Up at first light, Dave and I packed up camp, showered and fired up our magnificent SYM’s. A short hop to Nata Lodge for their expensive but extensive super tasty buffet breakfast, before retracing our steps south to the border. The ride to the border was swift, smooth and uneventful. It was mid-afternoon when we pulled in to Kwa Nokeng lodge on the banks of the Limpopo river, having despatched almost 500 K’s on our SYM’s. Sitting on the deck overlooking the river we slowly sipped on a cold one whilst marvelling over the comfort, reliability, brilliant fuel consumption and just general competence of our two SYM scooters. We found that we could average similar speeds to much faster vehicles as they would fly past us then get caught behind the next convoy of cars stuck behind a pedestrian truck. We would SYMply hold our pace and slip past the row of vehicles without even crossing the centre line. It would take the cars many minutes to catch us again, overtake and once again get stuck behind another slow vehicle. Once again we would pass and disappear into the distance. Great fun. The bikes ran better and better the more they piled on the K’s. Cruising at an indicated 120 was effortless with more in reserve for overtaking.
We slept in a Safari tent so as to get an early start the next morning. We were through the border by just before 6am and had to wait a couple of minutes for the fuel station to open. The border was a nightmare for some as hundreds of ZCC members returned to Botswana from Moria. Luckily we were going the other way so formalities were a doddle. The sun only rose around 6.30 off to our left as we sped towards Lephalale. Over the mountain and down to Vaalwater for breakfast and a most welcome cappuccino. Fed and watered we resumed our journey, joining the chaos of the N1 just after Modimolle. Thank heavens, once again, for the traffic carving SYM’s. The highway was traversed in next to no time despite the bumper to bumper traffic, made worse by the brain-donor traffic police and SAPS, who deemed it necessary to conduct a road-block on Easter weekend on the busiest road in the country. ‘Nuffsaid’!
Approaching the Rigel avenue, off ramp on the N1 from the north, you have a really long, speed sapping hill. To give you some idea, my CRF 250 Honda would struggle to maintain 120 kph up this incline. I decided to give the CITYCOM it’s head up this hill to see how it would fare. Driven by a mere 263cc’s and laden with all my camping kit, that phenomenal little scoot ran to 145 km/h and was still accelerating! Dave on the GTS was not far behind despite me getting the jump on him.

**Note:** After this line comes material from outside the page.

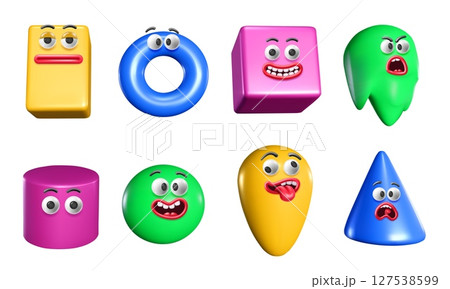Colorful plastic quirky 3D shapes. Abstract geometric figures with funny facial expressions. Playful goofy creatures character mascots isolated cartoon vector illustration set Colorful plastic quirky 3D shapes. Abstract geometric figures with funny facial expressions. Playful goofy creatures character mascots isolated cartoon vector illustration set 127538599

Just shy of 1900 kilometres over everything that Botswana could throw at them, and the two 300 SYM’s performed absolutely flawlessly. Incredible average fuel consumption of over 30 km/L and no oil used. SYM have built two scooters of which they can be justifiably proud. I would jump on either and ride them anywhere. Of the two, I would rate the more sumptuous EVO 300i GTS as the tourer, with the slightly sleeker and marginally perkier CITYCOM as the Sports Tourer. Whatever the adventure, commute or road trip, they are up for it! Question is, are you?
A huge thanks to Chris and Kibble at KMSA for entrusting us with these great bikes for our Botswana SYMmetry adventure. You clearly knew what these amazing scooters are capable of. As for our two SYM’s, it was a real wrench taking them back to KMSA. I even found myself talking to them when I was giving them a good clean. Talk about bonding with your bike! “Freedom of the City” is a given when you buy a SYM, you just don’t expect to get the “Freedom of the Country” to boot!